The stolen material reportedly included information on how the NSA penetrates foreign computer networks.
According to the report, the hack is the first known incident where Kaspersky software was used by Russian hackers to conduct espionage against the U.S. The alleged breach took place under the Obama administration but was only discovered this spring, according to the report.
A spokesman for the NSA did not comment on the report, saying, “Whether the information is credible or not, NSA’s policy is never to comment on affiliate or personnel matters.”
The Russian company pushed back on the Journal article.
“Kaspersky Lab has not been provided any evidence substantiating the company’s involvement in the alleged incident,” the company said in a statement. “As a private company, Kaspersky Lab does not have inappropriate ties to any government, including Russia, and the only conclusion seems to be that Kaspersky Lab is caught in the middle of a geopolitical fight.”
On Thursday, Sen.

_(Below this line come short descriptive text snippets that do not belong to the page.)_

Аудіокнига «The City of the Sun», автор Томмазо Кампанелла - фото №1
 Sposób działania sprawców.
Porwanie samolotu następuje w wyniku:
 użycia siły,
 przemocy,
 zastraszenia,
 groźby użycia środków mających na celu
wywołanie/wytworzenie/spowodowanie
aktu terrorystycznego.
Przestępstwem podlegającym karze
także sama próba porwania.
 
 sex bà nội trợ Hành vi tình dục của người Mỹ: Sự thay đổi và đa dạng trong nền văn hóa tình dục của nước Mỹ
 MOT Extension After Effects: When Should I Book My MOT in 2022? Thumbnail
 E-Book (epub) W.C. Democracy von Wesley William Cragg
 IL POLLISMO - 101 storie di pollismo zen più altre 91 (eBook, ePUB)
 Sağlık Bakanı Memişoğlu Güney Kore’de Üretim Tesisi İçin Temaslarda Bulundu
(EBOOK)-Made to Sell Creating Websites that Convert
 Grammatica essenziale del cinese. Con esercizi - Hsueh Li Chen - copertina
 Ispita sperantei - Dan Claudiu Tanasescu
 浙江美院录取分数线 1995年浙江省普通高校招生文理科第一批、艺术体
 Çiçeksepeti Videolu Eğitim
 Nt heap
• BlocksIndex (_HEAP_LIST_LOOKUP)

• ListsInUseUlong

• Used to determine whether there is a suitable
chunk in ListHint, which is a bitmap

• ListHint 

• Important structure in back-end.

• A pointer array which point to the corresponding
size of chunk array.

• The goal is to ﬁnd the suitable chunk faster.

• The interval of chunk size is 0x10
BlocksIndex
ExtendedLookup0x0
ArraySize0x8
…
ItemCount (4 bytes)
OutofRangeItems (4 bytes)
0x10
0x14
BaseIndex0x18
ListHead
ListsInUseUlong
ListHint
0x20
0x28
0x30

Jeanne Shaheen, a member of the Senate Armed Services Committee, called for a hearing on the report, saying it would be "beneficial both to members of the committee and the constituents they represent."
The report comes amid ongoing investigations over Russian meddling and potential collusion with Trump campaign officials during the 2016 presidential race.
A former NSA hacker told Fox News that Kaspersky has been known in the intelligence community to have “questionable relationships.”
The former NSA hacker told Fox News that the NSA would likely not admit to the breach, as it would become “a tight rope they don’t want to walk across.”
The Department of Homeland Security banned all U.S. government departments and agencies from using Kaspersky products last month, saying that “malicious cyber actors” could use the company’s software to hack into computer files.
“The risk that the Russian government, whether acting on its own or in collaboration with Kaspersky, could capitalize on access provided by Kaspersky products to compromise federal information and information systems directly implicates U.S. national security,” the DHS said Sept. 13 in announcing the government ban.
The White House did not immediately respond to Fox News’ request for comment on the report.